Przemyślenia

Depresja. Napisałam to wreszcie.

Czytelniku, kimkolwiek jesteś, wiedz, że zdecydowałam się wyjść do Ciebie, bo chciałabym pomóc. Może akurat Tobie, może Twoim bliskim. Zmagam się z depresją i wiem, jak jest podstępna i jak kryje się w zakamarkach naszego ciała.

Zaczęłam pisać o chorobie, bo najpierw pomyślałam, że pomoże to MI. Początkowo nawet tak było, ten blog został z taką myślą stworzony. Ale usłyszałam ostatnio bardzo fajną opinię – wartościowe jest to, co robimy dla innych. I jeśli moja historia może komuś pomóc, w jakikolwiek sposób, to ja chcę to zrobić.

Zawsze uważałam siebie za osobę silną, zdecydowaną i pewną siebie. Naturalnie więc depresja zaskoczyła mnie niczym człowiek-dres w ciemnej uliczce. Jak to: ja chora? I to na depresję? Niemożliwe.
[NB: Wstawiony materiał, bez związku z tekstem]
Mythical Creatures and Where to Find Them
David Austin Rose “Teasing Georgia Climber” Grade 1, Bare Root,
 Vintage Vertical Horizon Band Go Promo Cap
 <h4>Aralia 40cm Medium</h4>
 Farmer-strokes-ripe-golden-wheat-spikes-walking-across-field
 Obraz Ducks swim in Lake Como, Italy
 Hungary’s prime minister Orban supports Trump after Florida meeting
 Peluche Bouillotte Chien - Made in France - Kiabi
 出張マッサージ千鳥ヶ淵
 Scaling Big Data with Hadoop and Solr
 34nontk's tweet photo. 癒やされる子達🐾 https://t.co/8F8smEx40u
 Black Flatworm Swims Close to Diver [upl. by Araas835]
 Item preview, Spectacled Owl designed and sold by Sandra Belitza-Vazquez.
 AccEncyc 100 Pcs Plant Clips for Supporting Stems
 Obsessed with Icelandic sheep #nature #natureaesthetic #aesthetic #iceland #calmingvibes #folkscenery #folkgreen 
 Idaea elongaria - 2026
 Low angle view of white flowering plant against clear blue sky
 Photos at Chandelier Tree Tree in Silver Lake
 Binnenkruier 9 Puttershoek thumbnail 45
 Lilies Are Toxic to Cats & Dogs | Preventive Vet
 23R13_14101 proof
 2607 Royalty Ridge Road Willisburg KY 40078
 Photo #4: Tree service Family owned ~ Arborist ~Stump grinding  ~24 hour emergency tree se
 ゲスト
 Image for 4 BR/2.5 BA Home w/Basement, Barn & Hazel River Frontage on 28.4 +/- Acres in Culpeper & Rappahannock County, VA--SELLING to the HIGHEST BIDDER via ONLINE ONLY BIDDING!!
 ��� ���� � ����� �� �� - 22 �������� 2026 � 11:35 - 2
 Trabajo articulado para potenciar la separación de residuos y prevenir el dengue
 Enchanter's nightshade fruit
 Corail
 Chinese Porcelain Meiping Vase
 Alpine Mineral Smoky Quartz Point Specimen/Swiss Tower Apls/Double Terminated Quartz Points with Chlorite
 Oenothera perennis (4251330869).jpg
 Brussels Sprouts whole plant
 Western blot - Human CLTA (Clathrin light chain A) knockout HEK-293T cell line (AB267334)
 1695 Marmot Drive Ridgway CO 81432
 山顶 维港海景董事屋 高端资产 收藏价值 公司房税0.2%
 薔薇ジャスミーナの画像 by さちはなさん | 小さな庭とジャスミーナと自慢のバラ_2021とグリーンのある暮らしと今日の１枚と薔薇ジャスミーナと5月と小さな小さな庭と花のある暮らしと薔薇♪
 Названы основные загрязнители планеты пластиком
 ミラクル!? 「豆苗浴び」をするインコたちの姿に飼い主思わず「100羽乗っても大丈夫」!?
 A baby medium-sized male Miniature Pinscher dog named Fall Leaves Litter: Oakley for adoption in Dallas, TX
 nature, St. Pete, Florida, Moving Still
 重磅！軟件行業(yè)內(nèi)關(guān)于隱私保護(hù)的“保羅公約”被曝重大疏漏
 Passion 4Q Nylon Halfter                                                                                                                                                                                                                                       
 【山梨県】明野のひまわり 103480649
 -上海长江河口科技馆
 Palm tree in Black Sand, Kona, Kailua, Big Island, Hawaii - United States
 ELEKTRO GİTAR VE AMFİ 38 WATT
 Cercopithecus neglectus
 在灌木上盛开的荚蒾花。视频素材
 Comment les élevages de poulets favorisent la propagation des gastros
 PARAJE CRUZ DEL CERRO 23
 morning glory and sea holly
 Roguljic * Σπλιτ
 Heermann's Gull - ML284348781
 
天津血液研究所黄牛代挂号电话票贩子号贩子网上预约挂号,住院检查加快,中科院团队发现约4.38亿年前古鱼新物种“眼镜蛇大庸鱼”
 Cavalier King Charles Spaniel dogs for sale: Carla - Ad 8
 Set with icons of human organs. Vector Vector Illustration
Okazało się, że uczucie umierania, gorączka, bóle mięśni i paniczny lęk przed wstaniem z łóżka to jednak to. Po wielu wizytach u lekarzy, badaniach, konsultacjach i niezliczonych myślach czy może to „tylko” COVID-19 mój mąż, J. – po rozmowie ze mną – zasugerował badanie psychiatryczne. Wiem, brzmi jak wizyta w „wariatkowie”, bycie „psychiczną” i wiele innych pejoratywnych skojarzeń. Dla mnie też tak było. Ale cóż, lekarz psychiatra to po prostu lekarz. Pani Doktor na podstawie bardzo długiego wywiadu (oraz wyników badań) zdiagnozowała depresję, którą zdecydowała się leczyć w moim przypadku Escitalopramem. Zaczynając od 5 mg/dobę, obecnie przyjmuję 15 mg/dobę (plus psychoterapia raz w tygodniu).

Nie wiem skąd u mnie depresja. Nie było dużego wydarzenia, szoku, tragedii itp. Miałam/Mam dobre życie, pracę, znajomych i kochającego męża. Może w trakcie psychoterapii dowiem się w czym tkwi przyczyna. Będę pisać o tym, co może pomóc w rozpoznaniu choroby u siebie lub u Twoich bliskich. To niełatwe, sama wiem po sobie, nie jestem też specjalistą. Ale może właśnie to komuś pomoże. Może nawet i mnie.